Be honest, do you trawl a user profile to downvote/upvote when you see a comment you dislike/goes against your beliefs?

https://lemmy.world/post/2907222

Be honest, do you trawl a user profile to downvote/upvote when you see a comment you dislike/goes against your beliefs? - Lemmy.world

Saw this a lot on Reddit. Its not specific to here, just trying to gauge how people think. I’d see people posting about how “X said this! Have you seen what else they said in their site history?” And a stream of votebombing would happen. I also wonder if this behaviour went the other way. Bias was confirmed, so profiles get a little boost? There are sites that hide posts and comments after a certain number of downvotes, but these always seemed to get the engagement even after.

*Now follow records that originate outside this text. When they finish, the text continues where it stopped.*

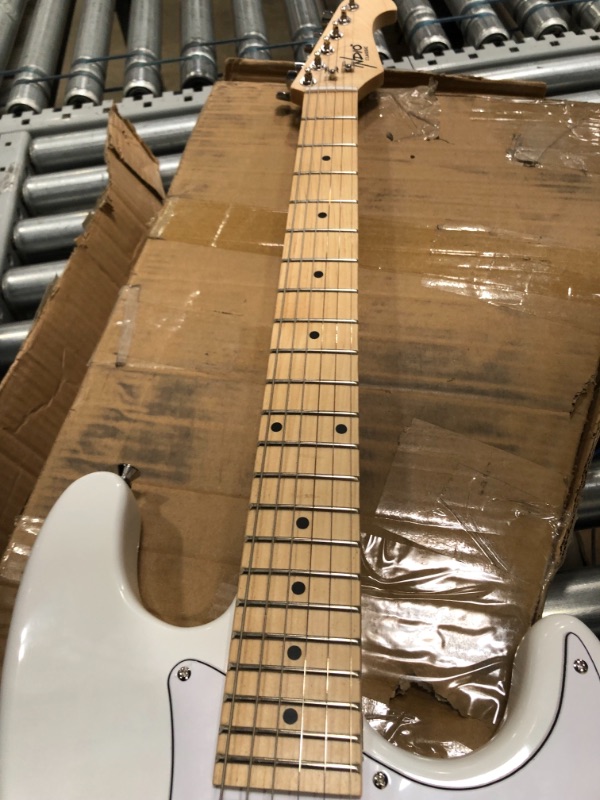 Photo 3 of Monoprice Cali Classic Electric Guitar - White, 6 Strings, Double-Cutaway Solid Body, Right Handed, SSS Pickups, Full-Range Tone, With Gig Bag, Perfect for Beginners - Indio Series White Guitar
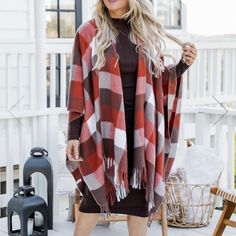 {Pink Lily} Women’s Plaid Poncho New In Original Packaging Size: One Size Details: Rust Plaid Poncho Fabric Has No Stretch, Slight Oversized Fit Fringe Hems Unlined Os From Shoulder To Hem: 28.5" Material: 100% Acrylic Casual Pink Poncho For Fall, Oversized Red Cape For Fall, Cozy Pink Poncho For Fall, Pink One-size Poncho For Fall, Pink One Size Poncho For Fall, Pink Shawl Poncho For Winter, Fall Red Shawl Cape, Red Shawl Cape For Fall, Casual Red Cape For Fall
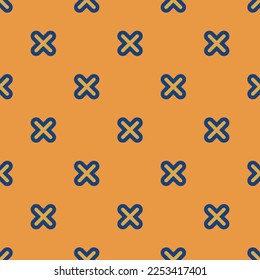 Seamless repeating tiling times outline flat icon pattern of indian yellow and st. patrick's blue color. Ornament for invitation card.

Knowing that up and downvotes are public (on the user profile) I avoid voting at all. I think it’s bad design and really hinders my engagement with posts.
Why?
Because people like OP end up stalking you and downvote everything you post.
But downvotes are fake and there is no karma. Who cares if someone is downvoted?
A) I dont do that, please do not suggest that B) I’m trying to establish what someone gains from such behaviour. Otherwise you cant counter it. This is part of the reason people leave Reddit and other sites.

This comment says it all.

To illustrate op’s point I’m going to spin up an instance, federate with everyone, and not tell anyone what that instance is.

Then I’m going to feed all that data into my new website, called Open Lemmy Stats, where anyone can query the user data ive accumulated. The homepage will be ripe with insights, leaderboards and all kinds of data on prolific users.

Additionally, I’ll display a snapshot/profile of a random user by feeding that users data to GPT4 to make inferences about the user’s political affiliations and display the results.

Worst of all, I’m not going to out my instance for everyone to know it as the one to defederate. In fact I’m spinning up a few instances that will host innocuous communities that I plan to mod and support to give my instances cover for their true purpose: redundant fediverse datastreams for my site, Open Lemmy Stats.

I’ll also have a store where anyone can buy my collected fediverse data for a handsome sum.

Just kidding I’m not doing any of this. But someone absolutely will or already is.

Just read a relevant comment here to add to this (no idea if this will work) [sh.itjust.works/comment/2013252]
Do posts from instances that don't allow downvotes have an unfair advantage? - sh.itjust.works

By advantage I mean posts from those instances receiving more visibility than others on feeds that sort by score (active, hot, top). There seems to be at least two ways in which posts from instances that don’t allow downvotes receive an advantage: - They don’t federate downvotes. That means other instances only count downvotes from their own users but not from the rest of the fediverse. - A downvote sometimes can be counted and federated as an upvote. This happens when you first upvote a post and then change it to a downvote. Let’s see an example. Suppose we are a user from instance A that allows downvotes and we want to vote a post on instance B that doesn’t allow downvotes. Watch what happens on instance C that also allows downvotes. 1) Before the vote this is what users from each instance see (upvote - downvote = total score) A: 10 - 0 = 10 B: 10 - 0 = 10 C: 10 - 0 = 10 2) Now we upvote the post: A: 11 - 0 = 11 B: 11 - 0 = 11 C: 11 - 0 = 11 3) We misclicked, we meant to downvote the post: A: 10 - 1 = 9 B: 11 - 0 = 11 C: 11 - 0 = 11 If the post was hosted on an instance that allowed downvotes users from instance C would see a total score of 9.